Personal information
- Full name: Ava Lorein Santos Verdeflor
- Born: 2 January 1999 (age 27) Tarlac, Philippines
- Height: 5 ft 3 in (160 cm)

Gymnastics career
- Discipline: Women's artistic gymnastics
- Country represented: Philippines (2014–2015)
- College team: Penn State Nittany Lions (2018–2021)
- Training location: Allen, Texas, United States
- Club: WOGA
- Head coach: Yevgeny Marchenko
- Medal record
Women's artistic gymnastics
Representing Philippines
Southeast Asian Games
| Silver medal – second place | 2015 Singapore | Uneven bars |
| Bronze medal – third place | 2015 Singapore | Team |

= Ava Verdeflor =

Filipino-American artistic gymnast

Ava Lorein Santos Verdeflor (born 2 January 1999) is a Filipino-American former artistic gymnast. She represented the Philippines at the 2014 Summer Youth Olympics and at the 2015 World Championships. At the 2015 Southeast Asian Games, she won a silver medal on the uneven bars and a bronze medal in the team event. After finishing her international elite career, she competed in NCAA for Penn State University.

== Gymnastics career ==
Verdeflor was born in the Philippines and lived in Singapore when she was young. She moved to the United States with her family when she was three years old.

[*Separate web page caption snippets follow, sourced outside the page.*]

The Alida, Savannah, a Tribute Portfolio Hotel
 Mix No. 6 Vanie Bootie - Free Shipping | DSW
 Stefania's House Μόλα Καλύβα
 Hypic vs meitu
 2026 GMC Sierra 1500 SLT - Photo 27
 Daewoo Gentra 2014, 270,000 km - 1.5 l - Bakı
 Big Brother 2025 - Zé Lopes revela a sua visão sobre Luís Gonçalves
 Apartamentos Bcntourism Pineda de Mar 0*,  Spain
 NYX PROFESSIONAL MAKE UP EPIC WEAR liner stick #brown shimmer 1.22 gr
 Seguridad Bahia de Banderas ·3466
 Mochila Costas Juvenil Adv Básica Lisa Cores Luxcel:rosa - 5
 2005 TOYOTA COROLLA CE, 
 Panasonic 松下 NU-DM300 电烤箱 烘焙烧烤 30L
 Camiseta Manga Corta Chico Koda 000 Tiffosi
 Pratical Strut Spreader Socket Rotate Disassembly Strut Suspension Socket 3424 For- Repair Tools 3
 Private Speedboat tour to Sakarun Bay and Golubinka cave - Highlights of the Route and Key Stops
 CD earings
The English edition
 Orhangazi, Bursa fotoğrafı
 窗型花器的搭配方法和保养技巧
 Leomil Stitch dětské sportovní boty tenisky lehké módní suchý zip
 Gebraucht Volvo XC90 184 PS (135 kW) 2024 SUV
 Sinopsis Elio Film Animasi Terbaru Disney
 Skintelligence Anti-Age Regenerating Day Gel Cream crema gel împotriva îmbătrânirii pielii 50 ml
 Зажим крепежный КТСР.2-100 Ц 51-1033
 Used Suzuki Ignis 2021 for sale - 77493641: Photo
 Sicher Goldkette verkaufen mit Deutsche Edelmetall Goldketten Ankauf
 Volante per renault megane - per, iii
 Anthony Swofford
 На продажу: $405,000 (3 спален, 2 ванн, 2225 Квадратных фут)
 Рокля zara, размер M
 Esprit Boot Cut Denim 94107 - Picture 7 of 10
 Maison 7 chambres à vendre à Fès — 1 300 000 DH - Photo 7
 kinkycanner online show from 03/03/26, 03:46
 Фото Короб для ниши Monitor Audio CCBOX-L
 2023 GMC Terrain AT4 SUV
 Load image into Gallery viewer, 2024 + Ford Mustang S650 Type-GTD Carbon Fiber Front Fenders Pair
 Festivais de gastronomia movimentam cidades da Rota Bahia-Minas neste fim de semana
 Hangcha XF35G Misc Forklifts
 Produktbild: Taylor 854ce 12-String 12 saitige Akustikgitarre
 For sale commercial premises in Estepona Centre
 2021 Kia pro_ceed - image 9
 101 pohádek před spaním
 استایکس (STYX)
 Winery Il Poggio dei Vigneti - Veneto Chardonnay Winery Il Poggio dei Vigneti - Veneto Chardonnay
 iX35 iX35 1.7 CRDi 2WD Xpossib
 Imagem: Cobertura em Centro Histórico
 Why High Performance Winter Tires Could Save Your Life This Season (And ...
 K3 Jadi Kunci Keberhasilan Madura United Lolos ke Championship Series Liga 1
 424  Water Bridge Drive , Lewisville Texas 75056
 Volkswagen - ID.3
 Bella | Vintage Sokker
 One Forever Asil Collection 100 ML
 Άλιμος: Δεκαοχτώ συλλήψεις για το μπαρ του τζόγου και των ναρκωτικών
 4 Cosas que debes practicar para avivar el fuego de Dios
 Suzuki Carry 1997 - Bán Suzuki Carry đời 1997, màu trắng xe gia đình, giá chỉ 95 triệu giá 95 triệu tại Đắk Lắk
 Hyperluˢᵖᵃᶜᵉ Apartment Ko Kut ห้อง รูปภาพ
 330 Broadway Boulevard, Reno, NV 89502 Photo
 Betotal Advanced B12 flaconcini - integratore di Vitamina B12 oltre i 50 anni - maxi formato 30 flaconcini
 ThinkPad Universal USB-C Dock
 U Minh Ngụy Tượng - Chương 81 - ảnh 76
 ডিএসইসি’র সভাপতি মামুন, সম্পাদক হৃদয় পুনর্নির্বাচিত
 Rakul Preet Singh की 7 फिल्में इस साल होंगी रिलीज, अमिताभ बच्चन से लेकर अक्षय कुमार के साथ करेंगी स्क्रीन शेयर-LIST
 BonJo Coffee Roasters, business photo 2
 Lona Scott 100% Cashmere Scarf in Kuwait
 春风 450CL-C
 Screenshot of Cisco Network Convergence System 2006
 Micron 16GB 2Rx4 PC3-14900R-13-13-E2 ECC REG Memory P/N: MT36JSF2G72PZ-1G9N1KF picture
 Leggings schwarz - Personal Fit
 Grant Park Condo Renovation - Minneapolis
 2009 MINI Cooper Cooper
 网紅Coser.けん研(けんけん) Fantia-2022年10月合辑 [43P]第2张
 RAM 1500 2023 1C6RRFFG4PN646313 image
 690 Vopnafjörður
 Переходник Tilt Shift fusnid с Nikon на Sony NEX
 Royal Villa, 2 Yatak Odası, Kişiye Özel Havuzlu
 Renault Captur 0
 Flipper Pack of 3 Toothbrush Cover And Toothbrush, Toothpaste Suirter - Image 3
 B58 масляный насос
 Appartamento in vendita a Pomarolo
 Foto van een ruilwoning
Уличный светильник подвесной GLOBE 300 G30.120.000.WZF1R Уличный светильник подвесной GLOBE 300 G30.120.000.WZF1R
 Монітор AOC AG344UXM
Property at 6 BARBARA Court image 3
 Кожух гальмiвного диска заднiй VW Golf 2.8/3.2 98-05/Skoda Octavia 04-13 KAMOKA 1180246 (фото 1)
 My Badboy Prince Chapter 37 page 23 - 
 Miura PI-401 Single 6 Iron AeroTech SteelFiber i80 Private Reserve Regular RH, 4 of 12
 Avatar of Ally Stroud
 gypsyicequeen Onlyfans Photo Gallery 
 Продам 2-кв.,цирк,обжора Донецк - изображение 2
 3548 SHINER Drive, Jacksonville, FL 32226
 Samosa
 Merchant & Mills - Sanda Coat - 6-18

She holds dual citizenship and chose to represent her birth country in international competitions.

=== Junior elite ===
Verdeflor made her international debut at the 2014 Nadia Comaneci Invitational and finished fifth in the all-around and won the gold medal on the uneven bars. She competed at the 2014 Junior Asian Championships in Tashkent, Uzbekistan, and placed 12th in the all-around, securing a qualifying spot to the 2014 Summer Youth Olympics in Nanjing, China. She represented the Philippines at the 2014 Summer Youth Olympics and was the oldest female artistic gymnast in the competition. She advanced into the all-around final and placed 11th. She also advanced into the uneven bars final, where she finished sixth.

=== Senior elite ===
Verdeflor became age-eligible for senior competitions in 2015. At the 2015 Southeast Asian Games, she helped the Philippines team win the bronze medal behind Malaysia and Singapore. She advanced into the all-around final and finished in fourth place. She then won a silver medal in the uneven bars final. She then competed at the 2015 World Championships and finished 122nd in the all-around during the qualification round. This was the final competition of her international elite career.

=== NCAA ===
Verdeflor joined the Penn State gymnastics team starting in the 2018 season and had not competed in two years due to two ACL tears. She competed on the uneven bars and the balance beam throughout her four seasons and scored a career high of 9.950 on the uneven bars during her senior season. For the 2019 and 2020 seasons, she was a WCGA Academic All-American and an Academic All-Big Ten team member. She was named to the 2021 All-Big Ten second team. Her final competition was the 2021 NCAA Morgantown Regional where she scored a 9.925 on the uneven bars but did not advance to the NCAA Championships. She was a nominee for the 2021 AAI Award which is for the most outstanding senior in NCAA women's gymnastics.